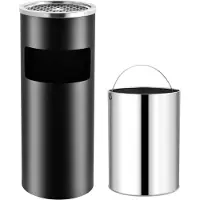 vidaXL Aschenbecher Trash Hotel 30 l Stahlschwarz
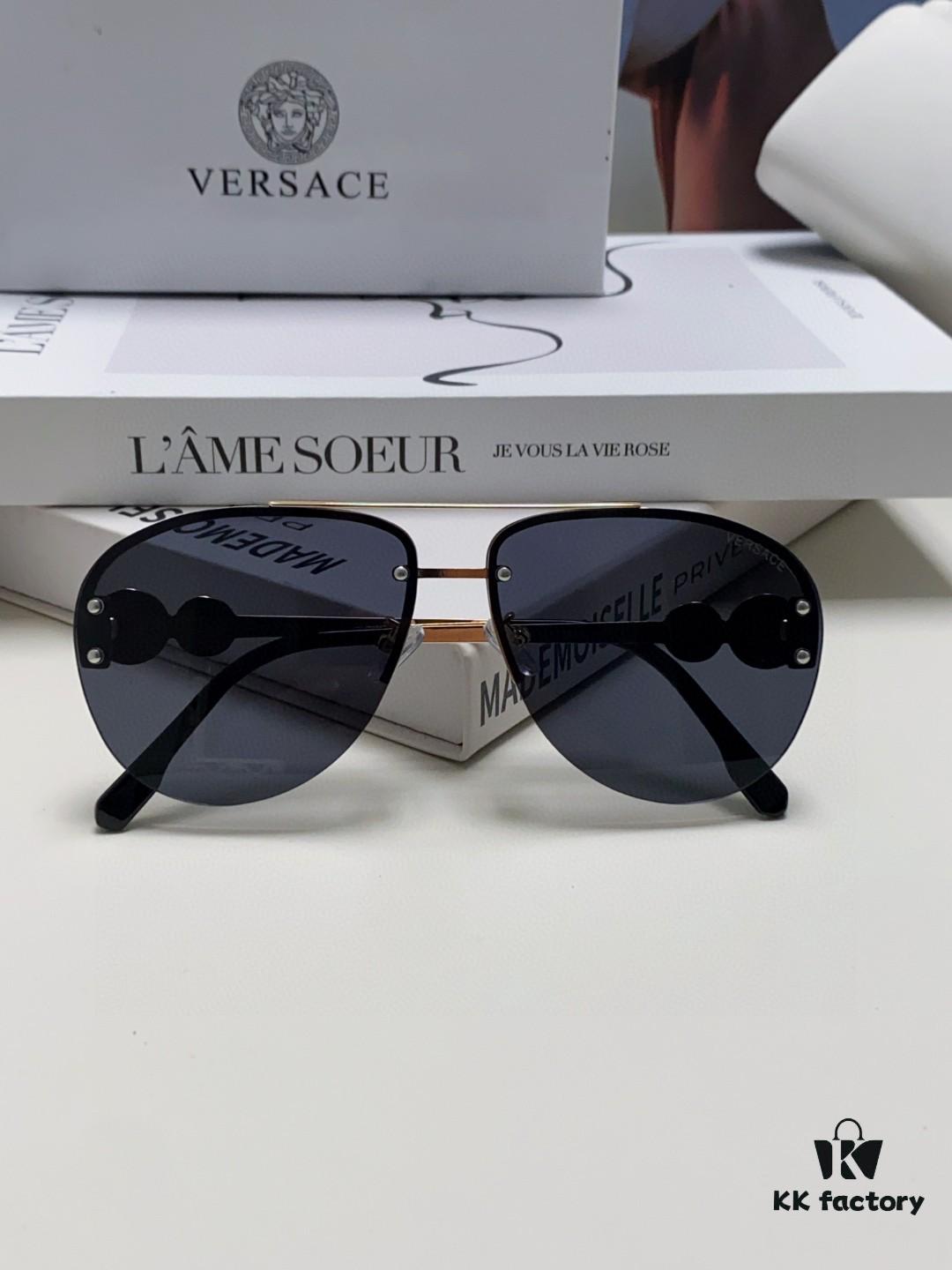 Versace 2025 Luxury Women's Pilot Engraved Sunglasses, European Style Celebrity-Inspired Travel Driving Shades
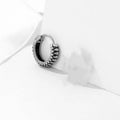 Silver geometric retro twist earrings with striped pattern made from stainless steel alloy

...

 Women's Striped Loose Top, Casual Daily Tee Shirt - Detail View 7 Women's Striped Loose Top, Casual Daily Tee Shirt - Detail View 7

---

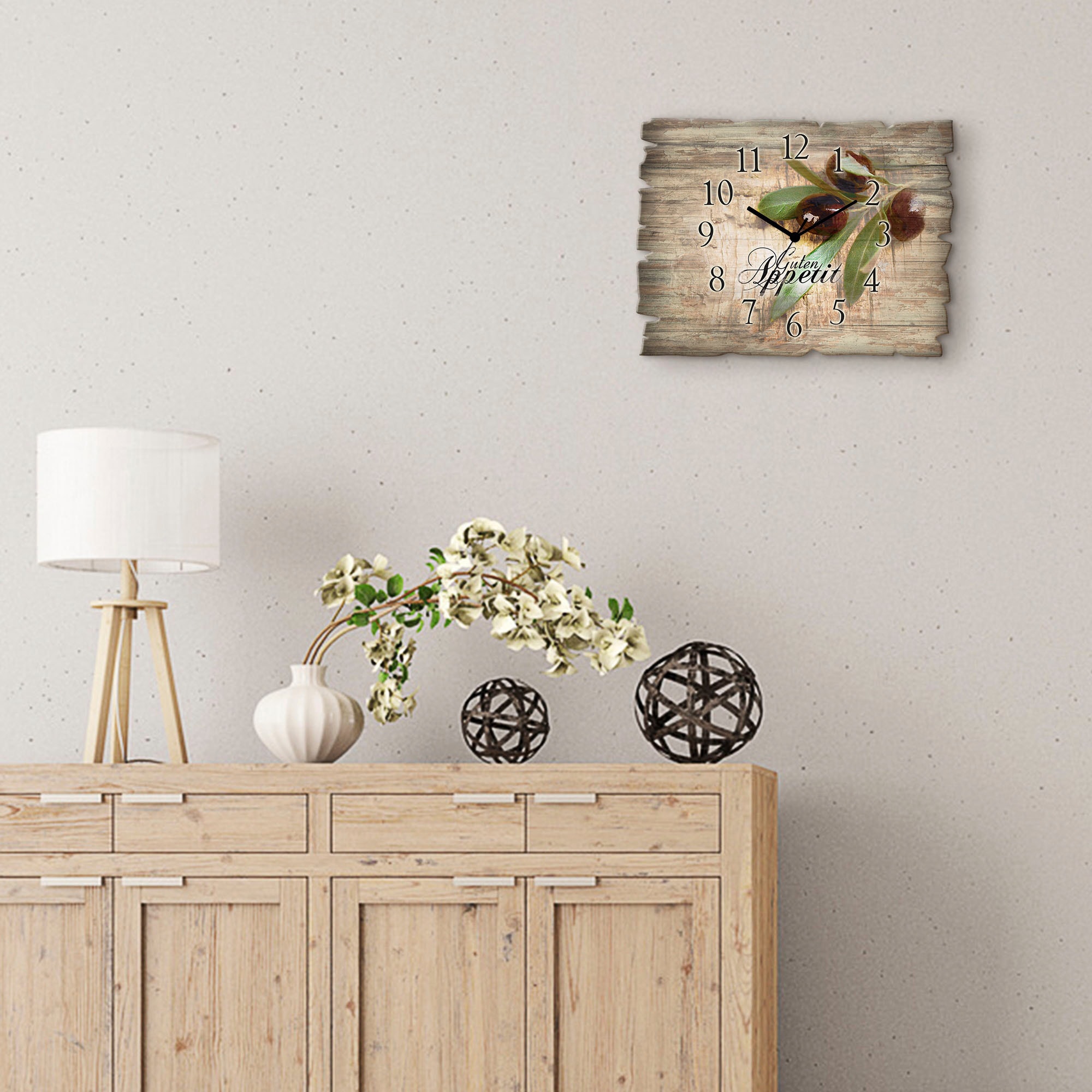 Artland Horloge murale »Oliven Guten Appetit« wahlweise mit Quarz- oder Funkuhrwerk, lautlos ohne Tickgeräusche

**EXERCISE:**
Reproduce, word for word, only the lines in the records above from the line with "vidaXL Aschenbecher Trash" through the line with "Silver geometric retro", including both ends; omit the pictures.

**TASK OUTPUT:**
 vidaXL Aschenbecher Trash Hotel 30 l Stahlschwarz
 Versace 2025 Luxury Women's Pilot Engraved Sunglasses, European Style Celebrity-Inspired Travel Driving Shades
 Silver geometric retro twist earrings with striped pattern made from stainless steel alloy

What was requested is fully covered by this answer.